Do projektu Statutu interesujące uwagi wniosła Komisja Statutowa. Propozycje te zostały jednakże całkowicie pominięte przez Przewodniczącą Rady (PiS) - w efekcie na sesję trafił projekt uchwały bez jakichkolwiek poprawek. Na nic się zdały nieśmiałe protesty zlekceważonych członków Komisji Statutowej. Po długich wykrętach poprawki zostały dopisane do uchwały opiniującej w takiej formie, że Rada pozytywnie opiniuje część propozycji zmian w Statucie, a część - nie. Zgodnie natomiast z prawem opinia musi dotyczyć całości projektu uchwały, a propozycje poprawek należy umieścić w osobnej inicjatywie uchwałodawczej. Koniec końców - Rada po długim gadaniu nie wydała z siebie jedynej dopuszczalnej prawem opinii dotyczącej całości. Ani nie wniosła sugerowanych poprawek w osobnej inicjatywie uchwałodawczej. Czyli mogła nie głosować w ogóle i oszczędzić sobie szarpania strun głosowych.

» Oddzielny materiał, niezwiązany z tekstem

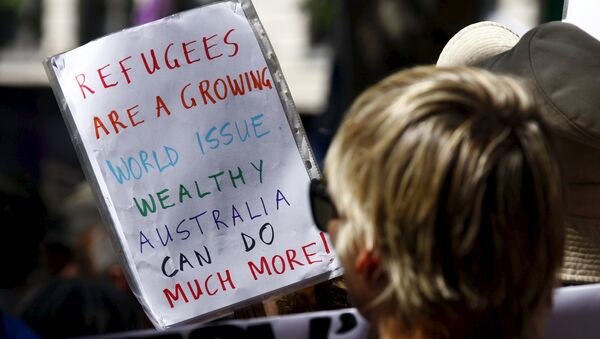 Protesters hold placards at the 'Stand up for Refugees' rally held in central Sydney. Australia is negotiating a deal with the Philippines to transfer asylum seekers being held indefinitely in controversial detention centres on remote, impoverished islands, Australia's immigration minister said on October 9, 2015 - Sputnik Afrique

Następnie pod obrady trafiła skarga pana S, który - jak się okazało - słusznie zarzucał Zarządowi zatajanie przed nim licznych dokumentów oraz nie wykonanie obowiązku przyznania lokalu osobom mieszkającym w budynku zagrożonym katastrofą budowlaną. Jak zwykle, zasadna skarga została twórczo zreintepretowana, a potem uznana za bezzasadną głosami radnych Prawa i Sprawiedliwości oraz Wspólnoty Dzielnicy Włochy. Co prawda takie głosowanie kwalifikuje się na złamanie przykazania Nie mów fałszywego świadectwa przeciwko bliźniemu swemu, jednakże radnym PiS z oczywistych względów zależy na dobrych stosunkach z księżmi proboszczami, a nie z Panem Bogiem, który przecież nie figuruje w rejestrze wyborców Dzielnicy Włochy.
Podtekst złożonej skargi był zresztą daleko bardziej interesujący niż złośliwie wytykane Zarządowi łamanie prawa. Prywatyzacja nieruchomości przy Śląskiej 11 była bowiem jednym z tych licznych dziwnych interesów, które koalicja PiS/WDW prowadzi na mieniu m. st. Warszawy. O ile jednak tego typu geszefty z reguły kończą się sprawiedliwym podziałem łupów, to tym razem któryś "uprawniony" nie dostał należnej działki i buldogi zaczęły kotłować się pod dywanem. Nie wchodząc w szczegóły dość powiedzieć, że nawet wybrany głosami radnych PiS burmistrz Jerzy Kowaliszyn zaczął ostentacyjnie grozić jednemu z urzędników karami za jakieś "niedopełnienie obowiązków", wypominając przy tym prywatne korzyści urzędnika z przeprowadzonej prywatyzacji. Ostatecznie jednak na niczym się skończyło i bez kar obeszło, z czego można wnosić, że ów urzędnik na czas się zreflektował i obowiązku wobec Pana Burmistrza dopełnił.
Z faktu, że jednak doszło do skargi wynikać może, że tym razem Pan Burmistrz należycie się nie wywdzięczył za dopełnione wobec niego obowiązki. Jaka jest prawda - to tylko włochowskie kierownictwo PiS i WDW wie. I na pewno się swoją wiedzą z byle kim nie podzieli. Można więc tylko skonstatować, że nie ma nic nowego w ucieraniu nosa urzędnikom, którzy ośmielają się naśladować interesy pryncypałów z PiS i WDW. Już za czasów bolszewickich wielki polski poeta Janusz Szpotański przekonywująco wyjaśniał w Towarzyszu Szmaciaku: A pula nie jest do kradzieży, pula się cała nam należy. Kto zaś nie chce tej głębokiej prawdy przyswoić musi zdawać sobie sprawę, że gdy któraś z łap niepowołanych sięga do koryta, to trzeba po tej łapie: trach! Koryto dla nas jest i kwita! Jakby pan S. czytał Lament wysokiego dygnitarza, to by się teraz niepotrzebnie Radzie Dzielnicy nie skarżył. Nihil novi sub sole - to co widzimy w wykonaniu naszych włochowskich miglanców, widzieliśmy już za komuny w wykonaniu ich przodków. Pokolenie bowiem przychodzi i pokolenie odchodzi, a Ziemia trwa na wieki (Koh 1,4).